From the entries below, gather every line containing the string "Foil".

**** RECORD EXCERPTS

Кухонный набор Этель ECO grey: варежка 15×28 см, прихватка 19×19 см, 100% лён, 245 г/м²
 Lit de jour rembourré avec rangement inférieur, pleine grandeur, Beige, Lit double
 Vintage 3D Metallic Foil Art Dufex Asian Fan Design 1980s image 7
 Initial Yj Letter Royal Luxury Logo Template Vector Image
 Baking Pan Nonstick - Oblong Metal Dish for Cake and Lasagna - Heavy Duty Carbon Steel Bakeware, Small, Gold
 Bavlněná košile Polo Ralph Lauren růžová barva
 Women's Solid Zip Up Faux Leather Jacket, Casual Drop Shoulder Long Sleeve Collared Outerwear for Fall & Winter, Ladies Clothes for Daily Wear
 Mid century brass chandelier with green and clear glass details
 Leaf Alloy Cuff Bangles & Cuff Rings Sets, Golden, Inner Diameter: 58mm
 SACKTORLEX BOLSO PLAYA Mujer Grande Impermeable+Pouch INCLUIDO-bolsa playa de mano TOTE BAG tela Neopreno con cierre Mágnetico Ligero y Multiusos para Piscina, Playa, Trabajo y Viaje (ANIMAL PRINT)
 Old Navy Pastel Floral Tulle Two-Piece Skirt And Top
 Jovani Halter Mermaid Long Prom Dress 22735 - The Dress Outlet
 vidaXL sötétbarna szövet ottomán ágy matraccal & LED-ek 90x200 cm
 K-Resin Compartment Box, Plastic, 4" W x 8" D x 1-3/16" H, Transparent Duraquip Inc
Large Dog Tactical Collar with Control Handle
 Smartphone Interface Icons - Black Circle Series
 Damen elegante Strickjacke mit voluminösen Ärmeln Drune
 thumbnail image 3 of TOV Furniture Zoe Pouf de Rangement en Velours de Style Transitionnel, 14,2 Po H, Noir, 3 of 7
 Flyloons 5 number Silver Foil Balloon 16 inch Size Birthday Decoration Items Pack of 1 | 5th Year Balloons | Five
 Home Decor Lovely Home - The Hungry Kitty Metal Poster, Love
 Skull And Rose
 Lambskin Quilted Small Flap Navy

********

> [EXPECTED ANSWER]:
 Vintage 3D Metallic Foil Art Dufex Asian Fan Design 1980s image 7
 Flyloons 5 number Silver Foil Balloon 16 inch Size Birthday Decoration Items Pack of 1 | 5th Year Balloons | Five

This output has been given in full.